Depending on the nature of your data, use one of the following formulas in Excel 2010, Excel 2013, and Excel 2016:
=STDEV.P(B2:B50)
=STDEV.S(B2:B10)
As you can see in the screenshot below, the formulas return slightly different numbers (the smaller a sample, the bigger a difference):
In Excel 2007 and lower, you'd use STDEVP and STDEV functions instead:
=STDEVP(B2:B50)
=STDEV(B2:B10)
When discussing different functions to calculate standard deviation in Excel, we sometimes mentioned "text representations of numbers" and you might be curious to know what that actually means.
In this context, "text representations of numbers" are simply numbers formatted as text. How can such numbers appear in your worksheets? Most often, they are exported from external sources. Or, returned by so-called Text functions that are designed to manipulate text strings, e.g. TEXT, MID, RIGHT, LEFT, etc. Some of those functions can work with numbers too, but their output is always text, even if it looks much like a number.
To better illustrate the point, please consider the following example. Supposing you have a column of product codes like "Jeans-105" where the digits after a hyphen denote the quantity. Your goal is to extract the quantity of each item, and then find the standard deviation of the extracted numbers.
Pulling the quantity to another column is not a problem:
=RIGHT(A2,LEN(A2)-SEARCH("-",A2,1))
The problem is that using an Excel standard deviation formula on the extracted numbers returns either #DIV/0! or 0 like shown in the screenshot below:
Why such weird results? As mentioned above, the output of the RIGHT function is always a text string. But neither STDEV.S nor STDEVA can handle numbers formatted as text in references (the former simply ignores them while the latter counts as zeros). To get the standard deviation of such "text-numbers", you need to supply them directly to the list of arguments, which can be done by embedding all RIGHT functions into your STDEV.S or STDEVA formula:
=STDEV.S(RIGHT(A2,LEN(A2)-SEARCH("-",A2,1)), RIGHT(A3,LEN(A3)-SEARCH("-",A3,1)), RIGHT(A4,LEN(A4)-SEARCH("-",A4,1)), RIGHT(A5,LEN(A5)-SEARCH("-",A5,1)))
=STDEVA(RIGHT(A2,LEN(A2)-SEARCH("-",A2,1)), RIGHT(A3,LEN(A3)-SEARCH("-",A3,1)), RIGHT(A4,LEN(A4)-SEARCH("-",A4,1)), RIGHT(A5,LEN(A5)-SEARCH("-",A5,1)))
The formulas are a bit cumbersome, but that might be a working solution for a small sample. For a bigger one, not to mention the entire population, it is definitely not an option. In this case, a more elegant solution would be having the VALUE function convert "text-numbers" to numbers that any standard deviation formula can understand (please notice the right-aligned numbers in the screenshot below as opposed to the left-aligned text strings on the screenshot above):
In statistics, there is one more measure for estimating the variability in data - standard error of mean, which is sometimes shortened (though, incorrectly) to just "standard error". The standard deviation and standard error of the mean are two closely related concepts, but not the same.
While the standard deviation measures the variability of a data set from the mean, the standard error of the mean (SEM) estimates how far the sample mean is likely to be from the true population mean. Said another way - if you took multiple samples from the same population, the standard error of the mean would show the dispersion between those sample means. Because usually we calculate just one mean for a set of data, not multiple means, the standard error of the mean is estimated rather than measured.
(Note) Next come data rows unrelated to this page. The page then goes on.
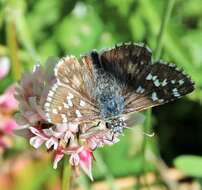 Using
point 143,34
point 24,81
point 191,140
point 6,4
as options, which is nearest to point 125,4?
point 143,34

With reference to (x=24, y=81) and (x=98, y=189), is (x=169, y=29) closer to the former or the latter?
(x=98, y=189)

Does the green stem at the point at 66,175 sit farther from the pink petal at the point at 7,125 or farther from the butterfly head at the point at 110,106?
the pink petal at the point at 7,125

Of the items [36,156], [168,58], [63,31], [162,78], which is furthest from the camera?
[63,31]

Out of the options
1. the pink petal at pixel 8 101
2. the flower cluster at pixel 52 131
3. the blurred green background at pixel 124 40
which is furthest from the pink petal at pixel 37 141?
the blurred green background at pixel 124 40

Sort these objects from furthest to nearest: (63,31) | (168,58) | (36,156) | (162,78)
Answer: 1. (63,31)
2. (168,58)
3. (36,156)
4. (162,78)

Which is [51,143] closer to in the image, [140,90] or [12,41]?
[140,90]

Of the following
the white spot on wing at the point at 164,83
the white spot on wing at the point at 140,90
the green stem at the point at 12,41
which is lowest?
the white spot on wing at the point at 140,90

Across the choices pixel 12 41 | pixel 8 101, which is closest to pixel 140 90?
pixel 8 101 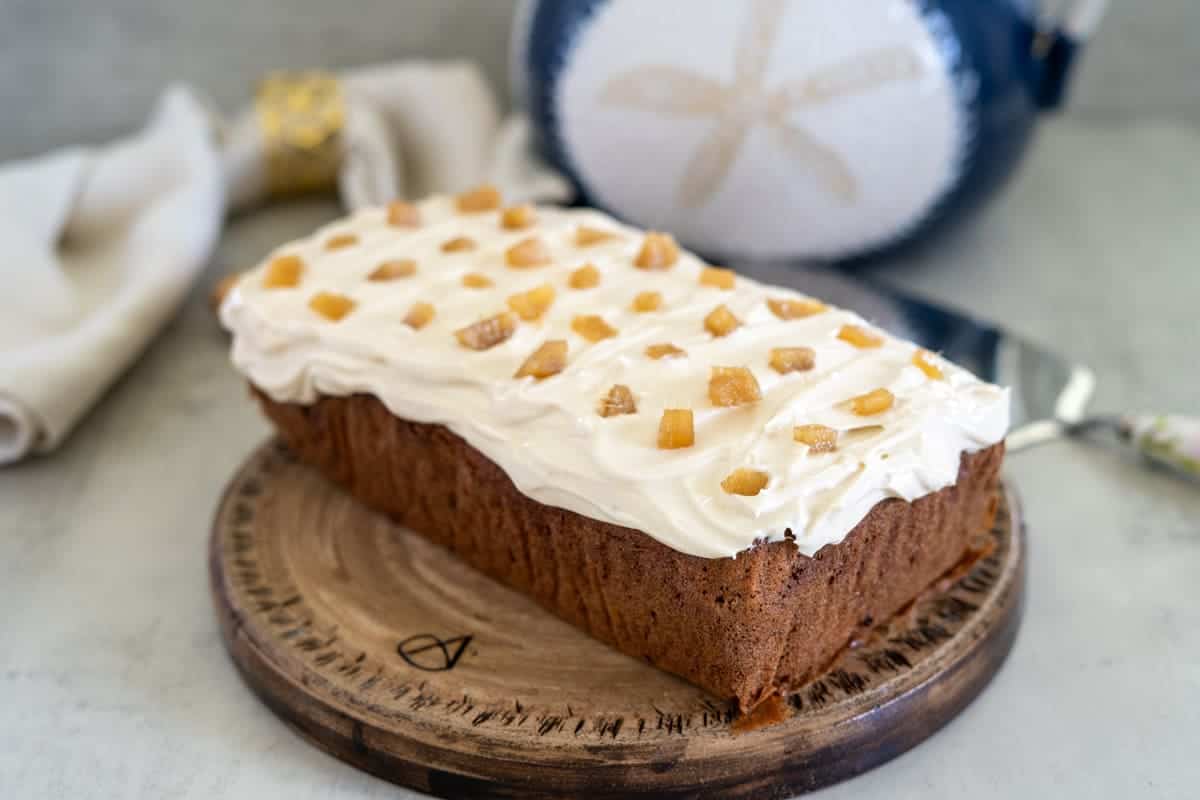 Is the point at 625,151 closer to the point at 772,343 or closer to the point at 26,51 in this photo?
the point at 772,343

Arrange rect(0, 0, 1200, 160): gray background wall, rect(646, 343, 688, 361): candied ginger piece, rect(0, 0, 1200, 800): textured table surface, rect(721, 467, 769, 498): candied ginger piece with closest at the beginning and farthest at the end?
rect(721, 467, 769, 498): candied ginger piece < rect(0, 0, 1200, 800): textured table surface < rect(646, 343, 688, 361): candied ginger piece < rect(0, 0, 1200, 160): gray background wall

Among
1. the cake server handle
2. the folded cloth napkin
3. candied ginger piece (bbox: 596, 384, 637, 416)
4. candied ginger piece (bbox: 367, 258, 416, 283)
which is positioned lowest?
the folded cloth napkin

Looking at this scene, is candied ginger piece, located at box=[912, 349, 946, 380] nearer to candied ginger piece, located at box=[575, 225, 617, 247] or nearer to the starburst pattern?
candied ginger piece, located at box=[575, 225, 617, 247]

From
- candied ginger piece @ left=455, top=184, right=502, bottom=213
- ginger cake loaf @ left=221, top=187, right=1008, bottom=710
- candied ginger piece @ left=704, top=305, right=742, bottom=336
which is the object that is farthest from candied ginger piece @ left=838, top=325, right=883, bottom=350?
candied ginger piece @ left=455, top=184, right=502, bottom=213

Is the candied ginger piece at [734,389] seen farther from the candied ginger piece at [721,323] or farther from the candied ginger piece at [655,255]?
the candied ginger piece at [655,255]

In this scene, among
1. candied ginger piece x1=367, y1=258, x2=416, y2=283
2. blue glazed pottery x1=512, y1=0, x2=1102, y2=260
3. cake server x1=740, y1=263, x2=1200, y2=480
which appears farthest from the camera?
blue glazed pottery x1=512, y1=0, x2=1102, y2=260

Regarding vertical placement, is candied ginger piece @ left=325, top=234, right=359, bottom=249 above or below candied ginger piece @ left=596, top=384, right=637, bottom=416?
below

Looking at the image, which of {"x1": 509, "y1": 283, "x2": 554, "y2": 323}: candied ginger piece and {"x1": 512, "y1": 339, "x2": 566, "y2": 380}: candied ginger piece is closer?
{"x1": 512, "y1": 339, "x2": 566, "y2": 380}: candied ginger piece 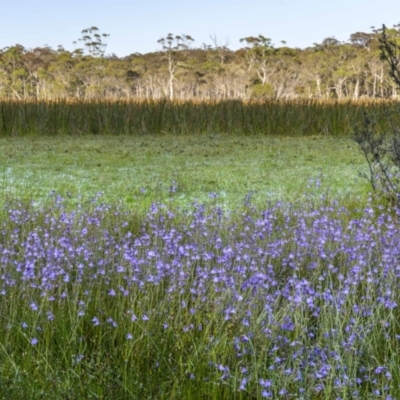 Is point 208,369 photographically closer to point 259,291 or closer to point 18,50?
point 259,291

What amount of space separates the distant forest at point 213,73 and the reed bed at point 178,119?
43.5 meters

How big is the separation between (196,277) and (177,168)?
23.5ft

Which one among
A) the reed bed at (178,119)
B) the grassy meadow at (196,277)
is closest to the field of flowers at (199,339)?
the grassy meadow at (196,277)

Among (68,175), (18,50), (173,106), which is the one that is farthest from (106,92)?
(68,175)

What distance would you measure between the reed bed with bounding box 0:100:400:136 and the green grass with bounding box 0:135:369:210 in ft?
5.44

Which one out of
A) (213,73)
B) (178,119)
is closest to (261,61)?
(213,73)

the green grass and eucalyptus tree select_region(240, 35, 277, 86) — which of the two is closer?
the green grass

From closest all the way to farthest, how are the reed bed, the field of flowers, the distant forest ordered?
the field of flowers → the reed bed → the distant forest

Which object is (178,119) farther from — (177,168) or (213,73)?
(213,73)

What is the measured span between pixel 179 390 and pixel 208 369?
234 mm

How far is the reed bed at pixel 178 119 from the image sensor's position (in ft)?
60.2

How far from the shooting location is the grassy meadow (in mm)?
2545

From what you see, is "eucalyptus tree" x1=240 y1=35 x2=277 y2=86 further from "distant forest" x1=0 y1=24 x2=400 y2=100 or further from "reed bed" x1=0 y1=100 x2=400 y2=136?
"reed bed" x1=0 y1=100 x2=400 y2=136

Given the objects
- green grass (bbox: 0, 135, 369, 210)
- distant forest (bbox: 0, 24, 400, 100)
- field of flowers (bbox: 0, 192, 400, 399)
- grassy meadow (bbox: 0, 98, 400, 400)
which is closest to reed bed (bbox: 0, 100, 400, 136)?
green grass (bbox: 0, 135, 369, 210) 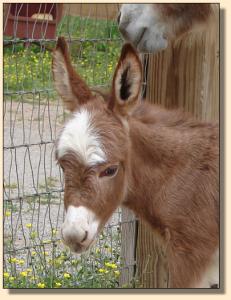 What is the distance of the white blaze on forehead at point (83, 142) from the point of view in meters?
2.98

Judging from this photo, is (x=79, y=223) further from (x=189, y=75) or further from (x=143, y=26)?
(x=189, y=75)

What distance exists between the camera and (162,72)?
419 cm

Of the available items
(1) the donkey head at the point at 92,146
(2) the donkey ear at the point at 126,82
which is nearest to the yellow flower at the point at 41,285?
(1) the donkey head at the point at 92,146

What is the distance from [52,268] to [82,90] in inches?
61.3

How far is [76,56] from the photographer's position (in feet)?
14.4

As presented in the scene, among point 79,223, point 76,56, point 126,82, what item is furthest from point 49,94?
point 79,223

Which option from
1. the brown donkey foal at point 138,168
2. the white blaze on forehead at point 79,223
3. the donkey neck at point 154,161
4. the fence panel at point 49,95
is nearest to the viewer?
the white blaze on forehead at point 79,223

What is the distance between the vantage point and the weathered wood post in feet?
13.2

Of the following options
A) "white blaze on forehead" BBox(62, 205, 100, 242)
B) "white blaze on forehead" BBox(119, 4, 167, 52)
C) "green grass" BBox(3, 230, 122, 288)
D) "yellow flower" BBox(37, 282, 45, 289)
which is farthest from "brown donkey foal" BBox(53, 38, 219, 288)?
"green grass" BBox(3, 230, 122, 288)

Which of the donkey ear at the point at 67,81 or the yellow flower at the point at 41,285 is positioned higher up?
the donkey ear at the point at 67,81

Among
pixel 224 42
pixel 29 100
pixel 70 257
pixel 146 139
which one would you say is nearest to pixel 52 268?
pixel 70 257

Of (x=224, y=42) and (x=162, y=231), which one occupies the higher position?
(x=224, y=42)

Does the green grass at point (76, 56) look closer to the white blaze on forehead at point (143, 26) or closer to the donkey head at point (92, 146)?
the white blaze on forehead at point (143, 26)

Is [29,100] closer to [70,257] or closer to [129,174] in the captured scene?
[70,257] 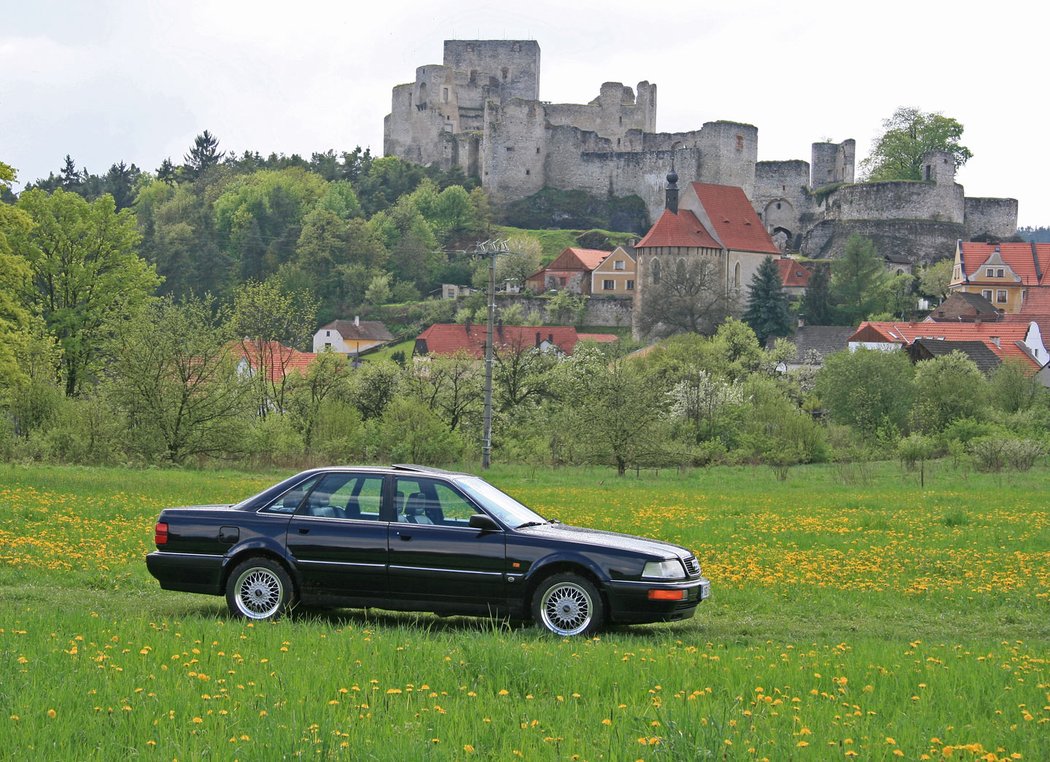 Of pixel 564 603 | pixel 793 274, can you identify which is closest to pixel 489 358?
pixel 564 603

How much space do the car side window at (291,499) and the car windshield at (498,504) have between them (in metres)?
1.34

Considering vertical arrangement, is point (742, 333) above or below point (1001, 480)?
above

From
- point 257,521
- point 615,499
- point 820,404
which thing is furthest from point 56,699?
point 820,404

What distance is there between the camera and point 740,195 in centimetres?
9481

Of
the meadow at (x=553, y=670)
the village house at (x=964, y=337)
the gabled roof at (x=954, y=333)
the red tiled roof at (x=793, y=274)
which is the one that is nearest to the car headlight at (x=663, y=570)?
the meadow at (x=553, y=670)

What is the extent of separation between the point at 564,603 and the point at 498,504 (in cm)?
130

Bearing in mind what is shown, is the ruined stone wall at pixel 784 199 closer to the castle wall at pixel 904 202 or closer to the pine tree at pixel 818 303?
the castle wall at pixel 904 202

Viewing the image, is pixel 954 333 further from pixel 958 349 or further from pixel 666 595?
pixel 666 595

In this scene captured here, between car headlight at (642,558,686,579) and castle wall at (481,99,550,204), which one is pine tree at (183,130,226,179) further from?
car headlight at (642,558,686,579)

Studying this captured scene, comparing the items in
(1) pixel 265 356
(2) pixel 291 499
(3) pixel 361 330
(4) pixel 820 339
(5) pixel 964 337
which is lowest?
(2) pixel 291 499

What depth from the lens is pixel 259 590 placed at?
11617 millimetres

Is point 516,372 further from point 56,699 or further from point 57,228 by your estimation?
point 56,699

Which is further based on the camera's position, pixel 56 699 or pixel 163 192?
Result: pixel 163 192

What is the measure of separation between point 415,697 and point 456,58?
12092 centimetres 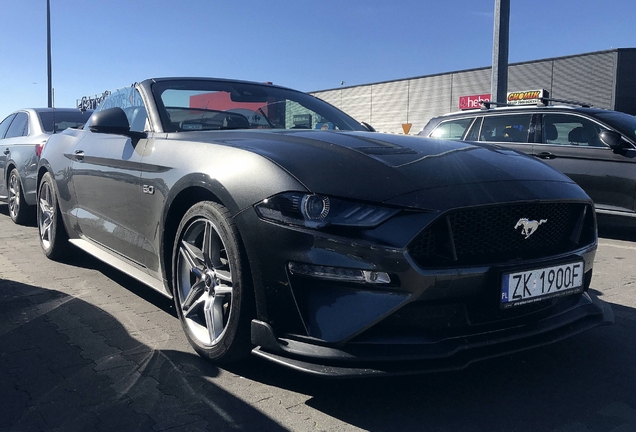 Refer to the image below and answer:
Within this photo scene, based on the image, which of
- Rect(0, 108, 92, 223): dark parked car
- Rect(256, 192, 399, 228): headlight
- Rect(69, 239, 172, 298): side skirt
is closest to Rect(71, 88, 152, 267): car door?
Rect(69, 239, 172, 298): side skirt

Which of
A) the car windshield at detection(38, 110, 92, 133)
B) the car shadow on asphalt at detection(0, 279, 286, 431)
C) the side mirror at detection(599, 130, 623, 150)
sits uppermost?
the car windshield at detection(38, 110, 92, 133)

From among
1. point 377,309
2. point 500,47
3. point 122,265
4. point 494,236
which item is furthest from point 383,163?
point 500,47

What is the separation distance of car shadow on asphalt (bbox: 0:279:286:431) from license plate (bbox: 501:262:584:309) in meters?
1.04

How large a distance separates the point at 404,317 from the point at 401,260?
0.23 metres

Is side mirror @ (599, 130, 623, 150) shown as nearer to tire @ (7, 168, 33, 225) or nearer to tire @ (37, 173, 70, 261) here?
tire @ (37, 173, 70, 261)

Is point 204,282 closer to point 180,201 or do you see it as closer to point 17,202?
point 180,201

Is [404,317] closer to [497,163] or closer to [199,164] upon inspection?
[497,163]

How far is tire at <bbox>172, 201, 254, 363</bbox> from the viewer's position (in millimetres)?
2488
In mathematics, the standard error of mean is calculated with this formula:
Where SD is the standard deviation, and n is the sample size (the number of values in the sample).
In your Excel worksheets, you can use the COUNT function to get the number of values in a sample, SQRT to take a square root of that number, and STDEV.S to calculate standard deviation of a sample.
Putting all this together, you get the standard error of the mean formula in Excel:
Assuming the sample data are in B2:B10, our SEM formula would go as follows:
=STDEV.S(B2:B10)/SQRT(COUNT(B2:B10))
And the result might be similar to this:
To visually display a margin of the standard deviation, you can add standard deviation bars to your Excel chart. Here's how:
Or, go to the Design tab > Chart Layouts group, click the Add Chart Element dropdown button, and select Error Bars from there.
This is how to do standard deviation on Excel. I hope you will find this information helpful. Anyway, I thank you for reading and hope to see you on our blog next week.
10 Responses to "How to calculate standard deviation in Excel"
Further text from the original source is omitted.